Hi friends I'm really confused.
what is PATA and SATA hard drives? and what is the difference between them?.


----------



## ashu888ashu888 (Sep 1, 2009)

here u go ---> *findarticles.com/p/articles/mi_m0BRZ/is_11_22/ai_98977132/

and this too --->  *blog.taragana.com/index.php/archive/sata-vs-pata-hard-disk-drives-a-guide/

in short and for begineers, Sata or Serial ATA is faster than PATA or Parallel ATA also SATA is newer (most recommended, be it SATA Hard disks or optical drives) and PATA was old technology.. 

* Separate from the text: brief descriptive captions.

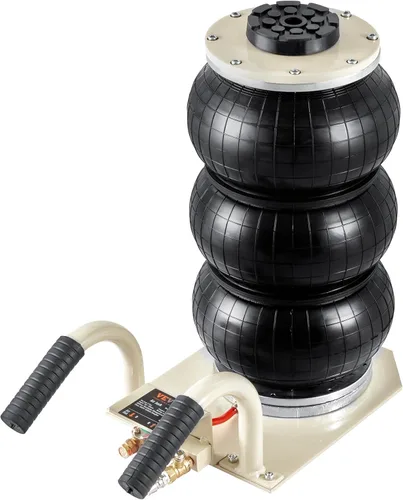 VEVOR Gato de aire, gato de bolsa de aire triple de 3 toneladas/6600 libras, gato de bolsa de aire con seis tubos de acero, elevación de hasta 17.7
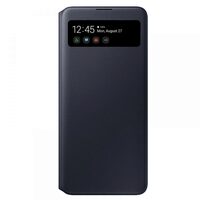 Husa Flip Samsung Galaxy A71 S View Wallet Cover, Negru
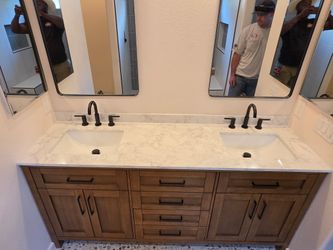 BRAND NEW 72" Double Sink Bathroom Vanity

the real boon of SATA comes into play when using RAID technology (for hard disks) but yes then there's SATA-I and SATA-II as well (with SATA-III jus around the corner) 

Cheers n e-peace....


----------



## Gauravs90 (Sep 1, 2009)

thanks for the information


----------



## ashu888ashu888 (Sep 1, 2009)

^^

not a problem dude..


----------



## otpsurvive (Sep 2, 2009)

Here's a more detailed explanation:
PATA stands for Parallel Advanced Technology Attachment and is an interface (connection) used to connect storage devices (primarily hard disk drives). This is an older interface where the data is transmitted to and from the HDD parallely. The Newer SATA (Serial ATA) transmits data serially. Although parallel transmission was considered to be faster, the newer SATA interface transmits data faster than the combined transmission speed of the all the lanes of the PATA interface. Hence, the newer hard disks come with the SATA interface. And the SATA cable also helps reduce obstruction to airflow compared to the flat ribbon cable used for PATA. This allows for efficient cooling of devices inside the case. Although SATA was designed for both Data and Power in the same cable, it is not perfected and today’s HDDs use a separate molex connector for power. These are the differences. If all the above sounded like gibberish, just know this that SATA is better and faster than PATA.


----------



## solomon_paulraj (Sep 3, 2009)

^^ nice one..


----------